The paper is structured as follows: after a short introduction in Section 1, Section 2 describes the theoretical background with a review of sustainability challenges in CSC management and as a response recent works in the field of Lean Management, especially models for JIT-oriented production planning and control. Section 3 deals with the analysis of the actual situation of production planning in typical ETO construction suppliers. Section 4 explains the proposed approach for synchronization from manufacturing to on-site installation in ETO supply chains and in Section 5 the practical application and validation in an industrial case study is presented. Finally, Section 6 discusses the benefits and advantages of the proposed approach to increase sustainability in ETO supply chains based on the three key elements: economic, ecological and social sustainability.

2. Theoretical Background

In this section, first sustainability challenges in CSCs are described. As a response, approaches from Lean Management, especially JIT-based models and concepts for production planning and control in construction and especially in the ETO environment are presented.

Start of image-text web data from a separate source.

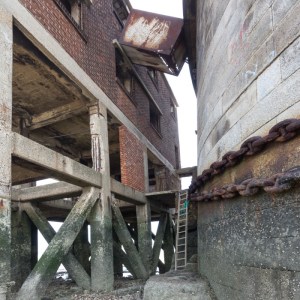 Grain Tower Battery III. A ladder provides access to the structure.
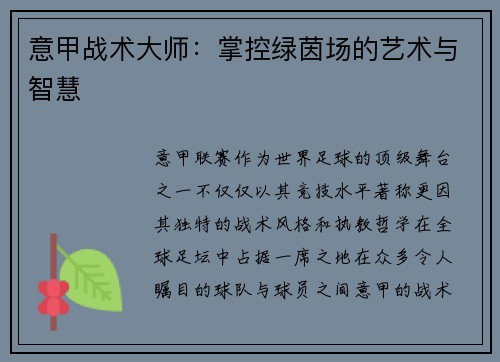 意甲战术大师：掌控绿茵场的艺术与智慧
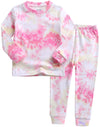 Vaenait Baby Kids Junior 100% Cotton Sleepwear Pajamas 2Pcs Set Tiedye-Pinkyellow-254 S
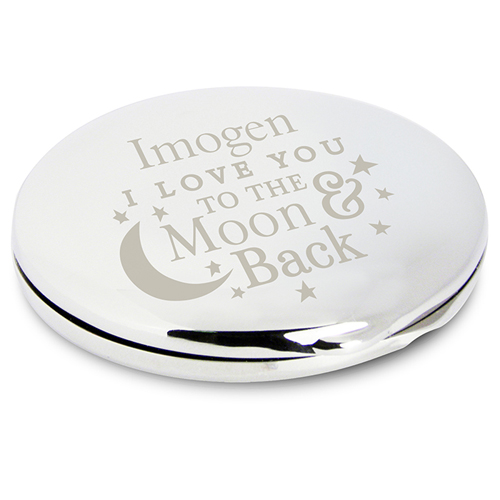 Engraved To the Moon and Back... Round Compact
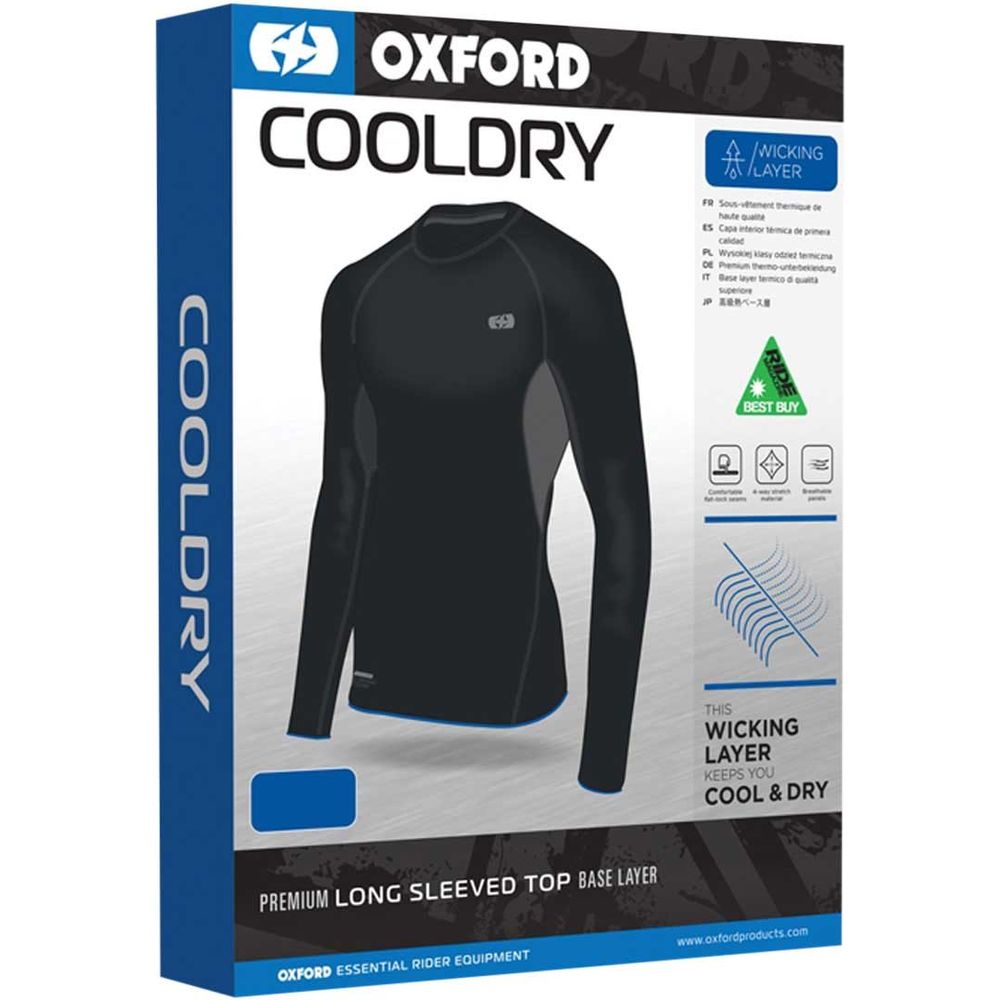 Oxford Cool Dry Wicking Base Layer Top Black (Image 2) - ThrottleChimp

2.1. Sustainability in CSCs

Usually, CSCs are MTO supply chains, which converge all materials to the site where the building is assembled from incoming materials [11,12,13,14]. Moreover, especially in the field of individual construction where ETO products are common, CSCs can usually be considered as temporary initiatives characterized by fragmentation, instability and high inefficiency [11,14]. Therefore, SCM concepts developed and applied in other industries, like the manufacturing industry, cannot be directly applied to the construction industry [15]. As a response, Vrijhoef and Koskela presented four specific roles of SCM in construction focusing on the supply chain, the construction site, or both [14]. Here, by means of the design of new supply chain configurations, the aim is to reach a global reduction of transportation, inventory and production costs. Moreover, by means of industrialization and especially prefabrication, moving activities from an uncontrollable environment (the construction site) to a controllable environment (the fabrication shop), the aim is to achieve improvements in terms of quality, time and cost. Unlike the BTO and MTS manufacturing supply chains (see Figure 1) that have successfully developed lean and sustainable supply chain management [16,17,18,19,20], the ETO CSC is yet to realize sustainability due to many complications from the design, fabrication to installation varying in many supply chain partners. In best practice, sustainability of the supply chain is partially realized. Sustainable construction becomes a concern for many companies in the construction industry [16,17,18,19,20]. There exist guidelines for designing sustainable buildings; however, there are different interests and focuses between Europe, Asia and America, e.g., construction impact, material usage, procurement and transportation [21,22]. Davies and Davies [23] describe drivers and barriers of sustainability in construction. According to their study, typical drivers are client awareness, regulations, financial incentives or tax burdens while typical barriers are affordability, lack of client awareness as well as a lack of proven alternative technologies.
Many sustainability-related concerns are addressed in research but usually in specific activities, e.g., waste management, designing or purchasing [24,25,26]. Information Lifecycle Management (ILM) and Information Technology (IT) have been widely used to improve information sharing of ETO. However, these technologies are limited to a specific phase of the CSC [27,28,29,30]. Total supply chain information sharing and decision support tools are rather ineffective and inefficient. This results in long lead times and overall supply chain inefficiency [31,32]. A study at Kota Kinabalu by Ali et al. found that environmental and sustainability concerns will not be understood if there is lack of knowledge, tools and skills to address the various issues to support a sustainable development plan [33]. The obstacle for sustainable ETO might focus on the social aspects relating to teach sustainability in education and skilled workers to carry out the work. On the other hand, in small construction environments, the decision-making is rather focused on financial and economic perspectives. Supply chain, human resources, environment and risk management are among recent interests. However, the sustainability aspect is yet to be realized [34,35,36].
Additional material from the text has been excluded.